Debra Bordignon, chief technology officer, Dimension Data Australia, said in the partnership with Western Sydney University, it has created an ecosystem approach that enables mass data collection, aggregation and analysis from a wide variety of sources including personal data, the Internet of Things, social channels as well as existing data sets and applications.
“No matter where the data originates, it can integrate with mass data observations,” Bordignon says.
According to Dimension Data, mass data observations — developed under a co-innovation agreement between it and WSU — makes it easier and more cost-effective for researchers to combine and analyse a multiverse of data sources, including public datasets, archives, social data feeds, data from IoT devices, and qualitative and quantitative data contributed by communities of data contributors.
“Discrete and disparate data sets can now be combined securely and ethically in new and exciting ways which will reassure data owners, and revolutionise the way organisations engage with communities and how data can be shared to conduct qualitative and quantitative research,” she says.
Professor Deborah Sweeney, deputy vice-chancellor, research and innovation, WSU, added, “We were first exposed to the power of San-Shi after touring the NTT R&D facility in Japan last year. We identified it as a complementary solution to Mass Data Observations, as the platform demands a computing environment that enables aggregation and processing of personal information while keeping the data securely protected at all times,”
Professor Sweeney says the need to ensure that the data collected is held securely by the university is paramount to the viability of Mass Data Observations.

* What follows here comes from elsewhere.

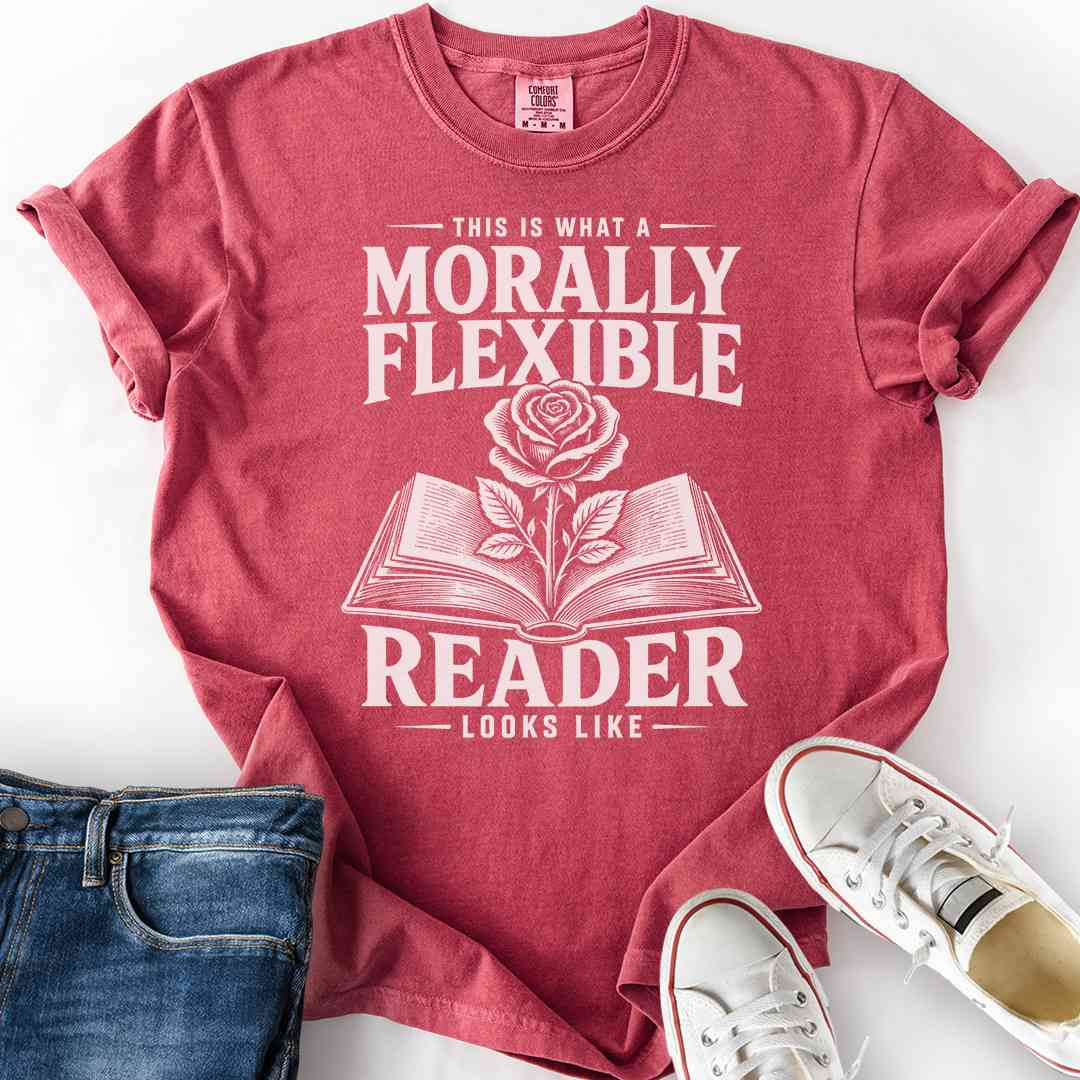 Morally Flexible Reader Looks Like T-Shirt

“If we cannot guarantee that the data is secure and meets all of our regulatory and ethical requirements, then we cannot ask students and future participants to get on board, and future research opportunities would be held back.”
Both Dimension Data and WSU say trials of mass data observations to date have surpassed expectations, with more than 2500 WSU student volunteers providing over 20,000 individual responses to surveys and polls through the app.
And they say that, with users’ full agreement, researchers can bring together these responses and first-hand experiences and combine them with other data sets such as census data, to explore correlations and deep insights.
The next stage involves early adopter trials with interested organisations and is expected to cover health and community-related use cases, with a managed service offering expected to follow.